What needs to be done »
Without reproducing any picture, copy the records word for word.

Records for this task »
* * * * *

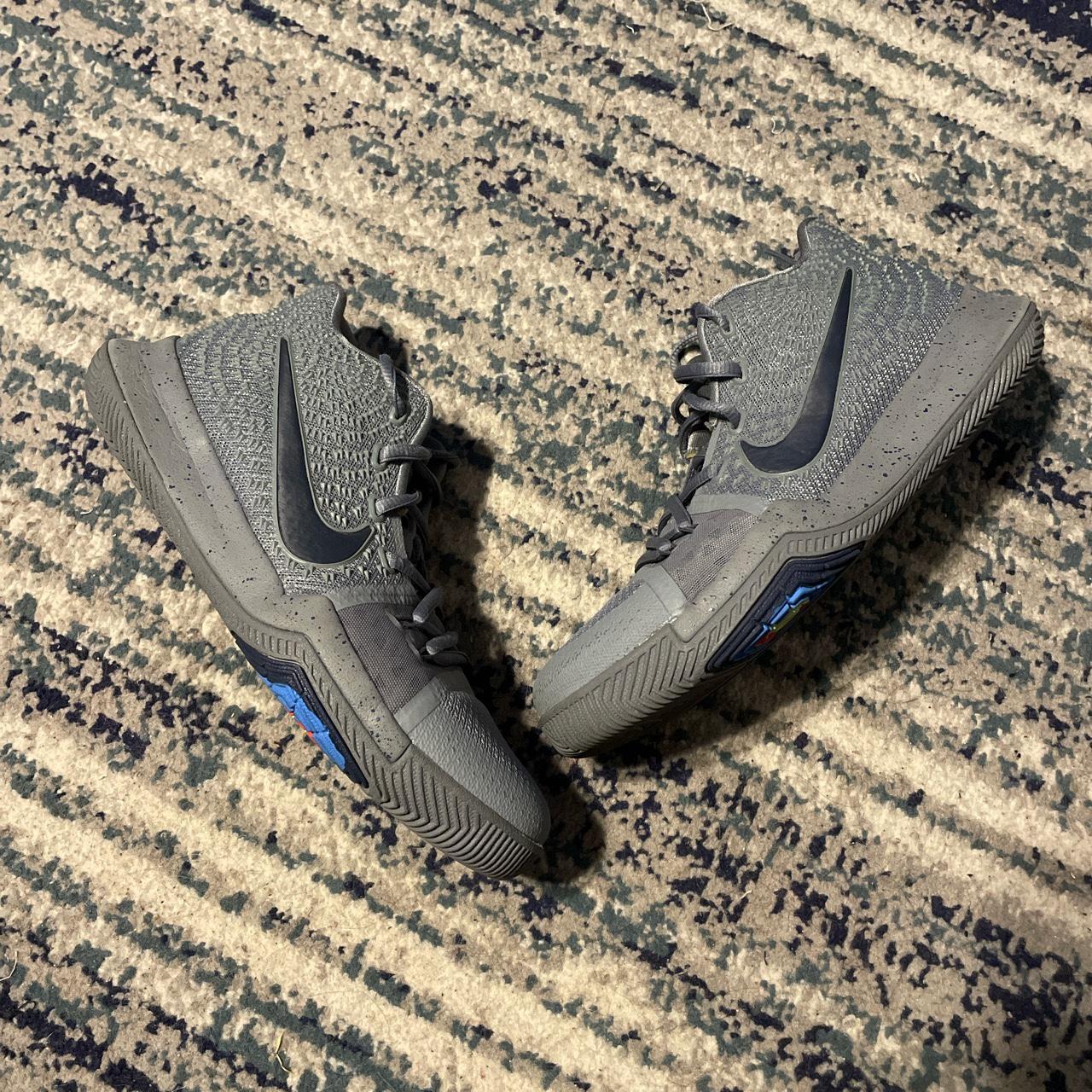 kyrie 3s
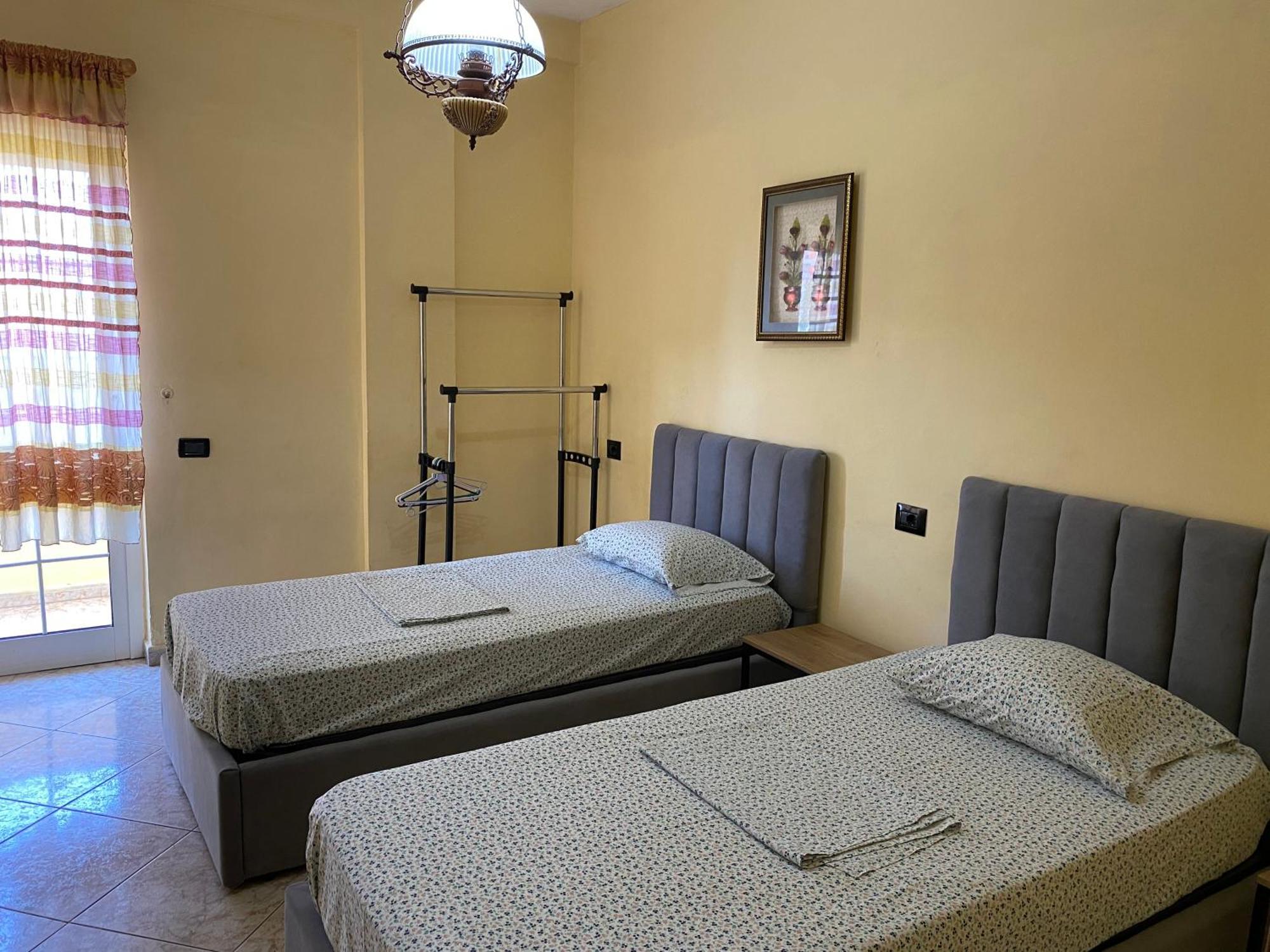 Tirana Apartment White Exterior foto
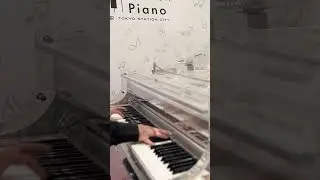 東京駅に響き渡るFF14の曲「Flow」 #Shorts #FF14 #piano #ストリートピアノ  #tokyostationpiano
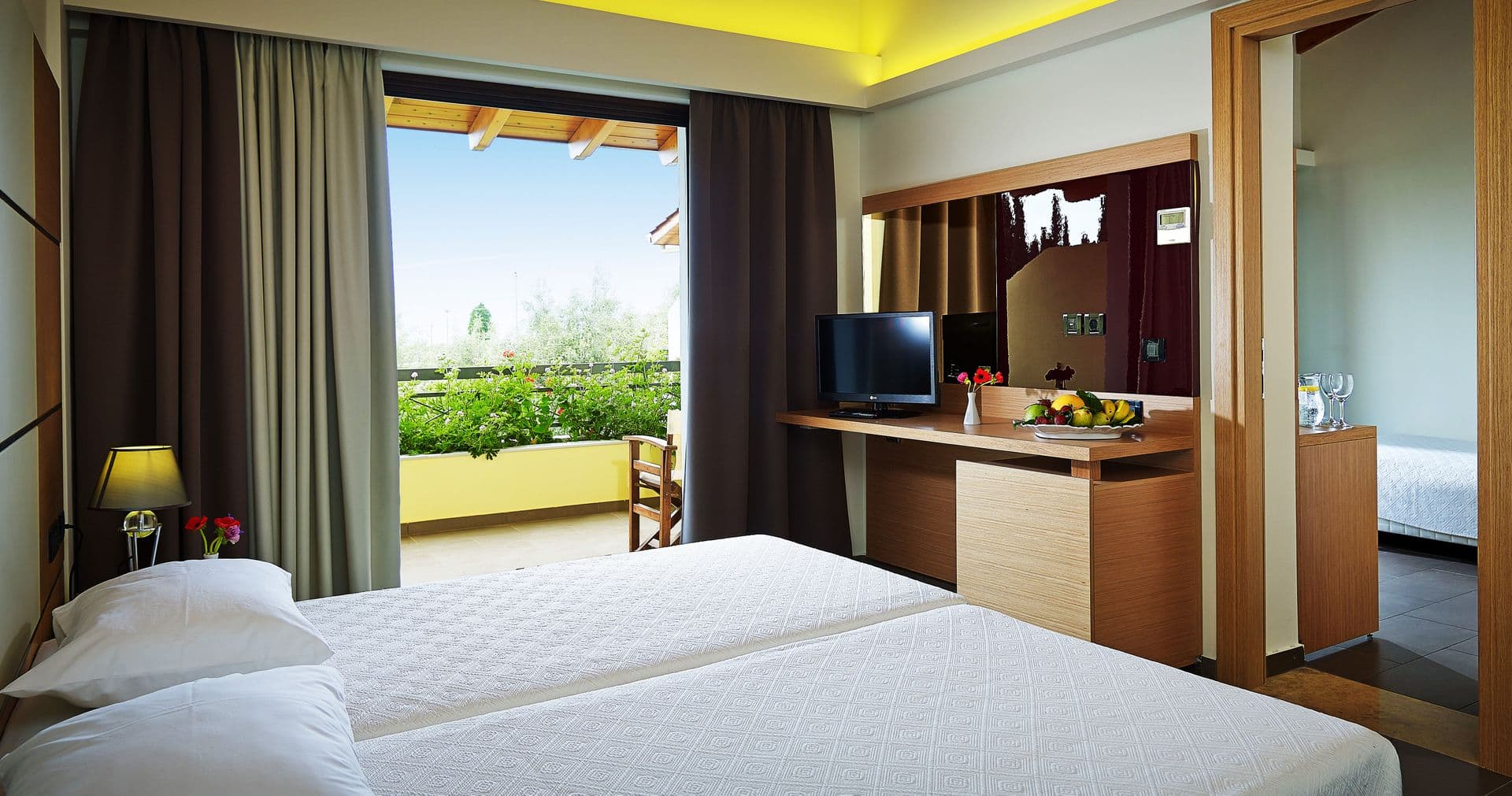 room-types-MIRAMAREH-SUITE-0.jpg
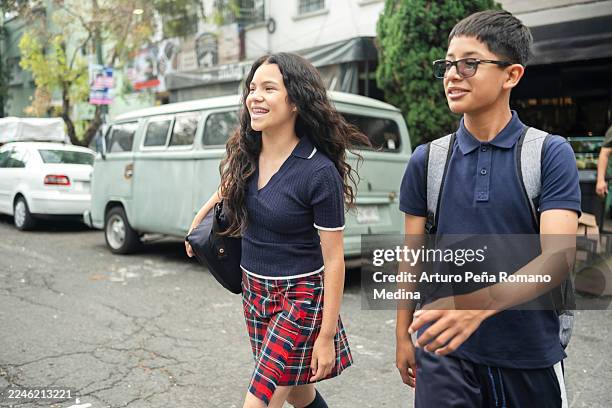 junge leute gehen nach der schule nach hause - die neue normalität stock-fotos und bilder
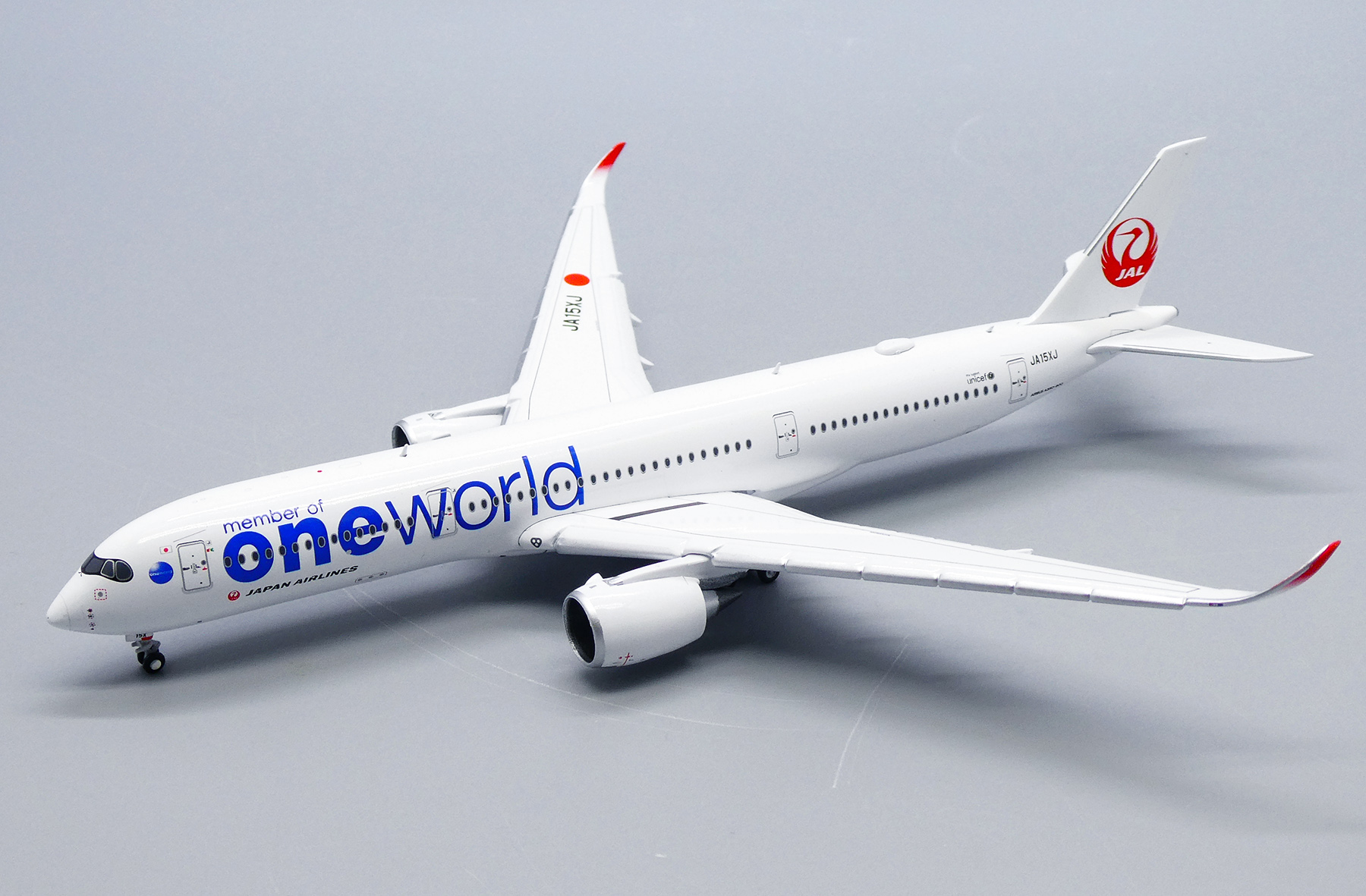 ScaleModelStore.com :: JC Wings 1:400 - SA4003A - Japan Airlines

* * * * *

Written response »
 kyrie 3s
 Tirana Apartment White Exterior foto
 東京駅に響き渡るFF14の曲「Flow」 #Shorts #FF14 #piano #ストリートピアノ  #tokyostationpiano
 room-types-MIRAMAREH-SUITE-0.jpg
 junge leute gehen nach der schule nach hause - die neue normalität stock-fotos und bilder
 ScaleModelStore.com :: JC Wings 1:400 - SA4003A - Japan Airlines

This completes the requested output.